Dataset entries Start Marker
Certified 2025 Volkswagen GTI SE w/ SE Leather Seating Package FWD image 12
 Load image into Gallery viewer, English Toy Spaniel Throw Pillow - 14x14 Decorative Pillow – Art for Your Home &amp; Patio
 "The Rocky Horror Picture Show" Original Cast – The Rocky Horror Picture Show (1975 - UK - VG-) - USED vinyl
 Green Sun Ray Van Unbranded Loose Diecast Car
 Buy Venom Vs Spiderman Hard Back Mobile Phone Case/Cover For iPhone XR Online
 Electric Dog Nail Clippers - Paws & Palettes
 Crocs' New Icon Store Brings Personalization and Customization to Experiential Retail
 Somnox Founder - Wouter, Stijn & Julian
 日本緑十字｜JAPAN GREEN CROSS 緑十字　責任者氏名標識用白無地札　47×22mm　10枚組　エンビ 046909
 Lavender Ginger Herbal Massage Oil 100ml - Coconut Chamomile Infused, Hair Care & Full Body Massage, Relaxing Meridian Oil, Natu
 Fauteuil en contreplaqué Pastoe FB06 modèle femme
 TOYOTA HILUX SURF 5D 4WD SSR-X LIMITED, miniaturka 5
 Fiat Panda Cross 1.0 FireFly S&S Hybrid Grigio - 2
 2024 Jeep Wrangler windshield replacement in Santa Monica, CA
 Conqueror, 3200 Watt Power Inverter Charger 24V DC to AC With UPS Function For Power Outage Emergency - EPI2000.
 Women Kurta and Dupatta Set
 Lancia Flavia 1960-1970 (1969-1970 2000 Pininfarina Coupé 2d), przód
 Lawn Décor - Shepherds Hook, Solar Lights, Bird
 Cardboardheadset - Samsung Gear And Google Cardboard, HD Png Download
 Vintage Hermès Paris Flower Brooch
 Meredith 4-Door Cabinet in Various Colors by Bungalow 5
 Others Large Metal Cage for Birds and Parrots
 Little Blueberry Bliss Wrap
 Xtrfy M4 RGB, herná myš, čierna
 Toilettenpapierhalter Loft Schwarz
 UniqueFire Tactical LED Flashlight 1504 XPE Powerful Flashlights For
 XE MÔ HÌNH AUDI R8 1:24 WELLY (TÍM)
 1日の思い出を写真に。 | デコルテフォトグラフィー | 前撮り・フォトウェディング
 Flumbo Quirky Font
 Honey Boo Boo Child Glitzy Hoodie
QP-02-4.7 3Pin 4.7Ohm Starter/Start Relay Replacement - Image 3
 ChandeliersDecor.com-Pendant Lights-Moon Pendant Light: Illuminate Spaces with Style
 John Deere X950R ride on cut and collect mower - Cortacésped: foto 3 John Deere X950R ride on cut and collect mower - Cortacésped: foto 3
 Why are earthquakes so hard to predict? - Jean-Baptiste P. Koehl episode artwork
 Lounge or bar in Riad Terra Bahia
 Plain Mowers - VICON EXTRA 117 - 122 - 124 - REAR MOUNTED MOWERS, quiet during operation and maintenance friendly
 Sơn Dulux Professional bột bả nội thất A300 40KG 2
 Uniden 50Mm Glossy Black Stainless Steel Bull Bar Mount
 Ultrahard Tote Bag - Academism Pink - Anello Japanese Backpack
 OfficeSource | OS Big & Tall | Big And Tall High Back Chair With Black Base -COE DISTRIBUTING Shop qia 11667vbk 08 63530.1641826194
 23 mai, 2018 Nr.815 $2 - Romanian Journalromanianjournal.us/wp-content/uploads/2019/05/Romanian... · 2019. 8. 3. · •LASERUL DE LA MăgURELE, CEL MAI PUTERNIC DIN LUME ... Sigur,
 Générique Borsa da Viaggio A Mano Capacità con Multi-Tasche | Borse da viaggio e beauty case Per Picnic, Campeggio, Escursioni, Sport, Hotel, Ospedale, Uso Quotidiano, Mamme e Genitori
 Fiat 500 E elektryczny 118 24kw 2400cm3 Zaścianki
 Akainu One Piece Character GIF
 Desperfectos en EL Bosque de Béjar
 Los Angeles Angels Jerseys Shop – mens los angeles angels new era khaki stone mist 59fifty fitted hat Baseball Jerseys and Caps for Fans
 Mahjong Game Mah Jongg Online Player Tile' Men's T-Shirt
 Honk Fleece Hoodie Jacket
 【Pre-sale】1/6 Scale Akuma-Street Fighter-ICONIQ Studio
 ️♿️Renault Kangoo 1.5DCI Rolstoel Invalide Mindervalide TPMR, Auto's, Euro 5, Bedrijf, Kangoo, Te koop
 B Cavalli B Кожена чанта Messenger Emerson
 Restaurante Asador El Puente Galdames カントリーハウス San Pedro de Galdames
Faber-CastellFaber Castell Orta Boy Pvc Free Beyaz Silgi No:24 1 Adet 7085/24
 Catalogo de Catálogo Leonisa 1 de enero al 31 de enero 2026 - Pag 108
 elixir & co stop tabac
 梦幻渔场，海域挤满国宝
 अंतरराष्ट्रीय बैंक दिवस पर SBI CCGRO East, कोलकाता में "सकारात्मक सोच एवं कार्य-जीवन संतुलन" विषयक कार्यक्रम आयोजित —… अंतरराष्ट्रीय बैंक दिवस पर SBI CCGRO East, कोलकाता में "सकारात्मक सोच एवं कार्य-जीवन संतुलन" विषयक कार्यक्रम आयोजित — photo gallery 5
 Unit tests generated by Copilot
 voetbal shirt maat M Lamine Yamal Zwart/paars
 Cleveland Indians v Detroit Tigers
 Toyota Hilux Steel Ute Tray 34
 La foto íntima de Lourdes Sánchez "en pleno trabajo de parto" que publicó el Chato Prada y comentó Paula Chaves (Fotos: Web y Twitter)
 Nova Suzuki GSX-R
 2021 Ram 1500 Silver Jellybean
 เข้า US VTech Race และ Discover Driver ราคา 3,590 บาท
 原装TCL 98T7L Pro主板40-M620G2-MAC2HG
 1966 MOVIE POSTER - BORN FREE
Dataset entries End Marker
Work required:
Of all the entries above, output exactly the lines between the one holding "Ultrahard Tote Bag" and the one holding "Restaurante Asador El", inclusive.

Exercise output:
 Ultrahard Tote Bag - Academism Pink - Anello Japanese Backpack
 OfficeSource | OS Big & Tall | Big And Tall High Back Chair With Black Base -COE DISTRIBUTING Shop qia 11667vbk 08 63530.1641826194
 23 mai, 2018 Nr.815 $2 - Romanian Journalromanianjournal.us/wp-content/uploads/2019/05/Romanian... · 2019. 8. 3. · •LASERUL DE LA MăgURELE, CEL MAI PUTERNIC DIN LUME ... Sigur,
 Générique Borsa da Viaggio A Mano Capacità con Multi-Tasche | Borse da viaggio e beauty case Per Picnic, Campeggio, Escursioni, Sport, Hotel, Ospedale, Uso Quotidiano, Mamme e Genitori
 Fiat 500 E elektryczny 118 24kw 2400cm3 Zaścianki
 Akainu One Piece Character GIF
 Desperfectos en EL Bosque de Béjar
 Los Angeles Angels Jerseys Shop – mens los angeles angels new era khaki stone mist 59fifty fitted hat Baseball Jerseys and Caps for Fans
 Mahjong Game Mah Jongg Online Player Tile' Men's T-Shirt
 Honk Fleece Hoodie Jacket
 【Pre-sale】1/6 Scale Akuma-Street Fighter-ICONIQ Studio
 ️♿️Renault Kangoo 1.5DCI Rolstoel Invalide Mindervalide TPMR, Auto's, Euro 5, Bedrijf, Kangoo, Te koop
 B Cavalli B Кожена чанта Messenger Emerson
 Restaurante Asador El Puente Galdames カントリーハウス San Pedro de Galdames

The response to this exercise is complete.